Wednesday, July 25, 2012

Crock Pot Virgin!


I've never done a crockpot dinner - thats right, I am a crock pot virgin!  This looks really easy and very yummy!  Let you know how it turns out!!


Chicken Taco Soup

1 white onion, chopped finely
1 (16 oz.) can chili beans
1 (15 oz.) can black beans, drained and rinsed
1 (15 oz.) can whole kernel corn, drained
1 (8 oz.) can tomato sauce
2 (10 oz.) cans diced tomatoes with green chiles
1 (1.25 oz.) package taco seasoning
3 whole skinless, boneless, chicken breasts, thawed or frozen

Stir onion, beans, corn, tomato sauce, dice tomatoes, and taco sauce into a slow cooker. Sauté the onion before to make sure that they are not crunchy. Lay the chicken breast on top of the mixture, pressing down slightly so that it gets covered by other ingredients. Set slow cooker to low heat, cover, and cook for 3-4 hours on low if your chicken is thawed. May take 4-5 hours on low if your chicken is frozen.

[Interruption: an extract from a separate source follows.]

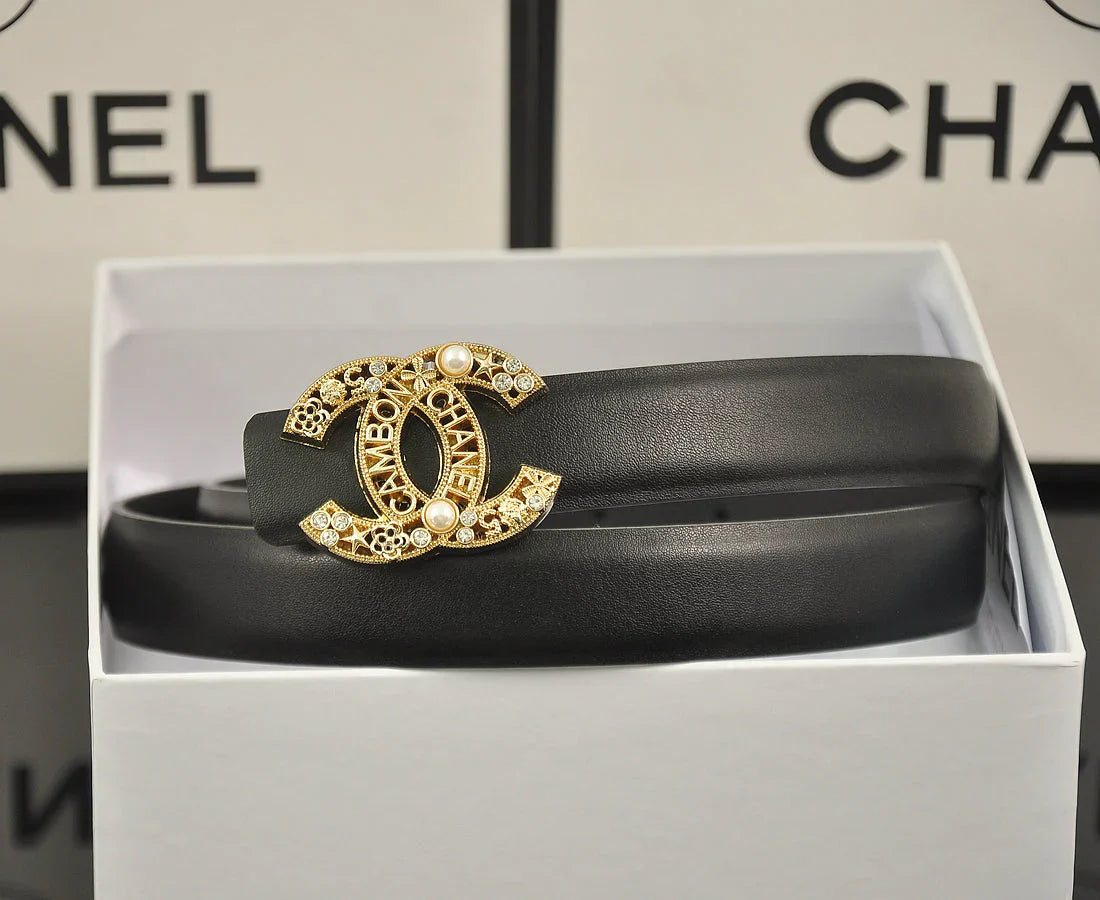 6-color hollow-out pearl belt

Remove chicken breasts from the soup and shred. Stir shredded chicken back into the soup. Your technically supposed to cook it on low for another 2 hours in the crockpot but you really don't have to. I never do. It's very forgiving. You can leave it in longer if you want too.

Top with shredded cheese, sour cream, and crushed tortilla chips.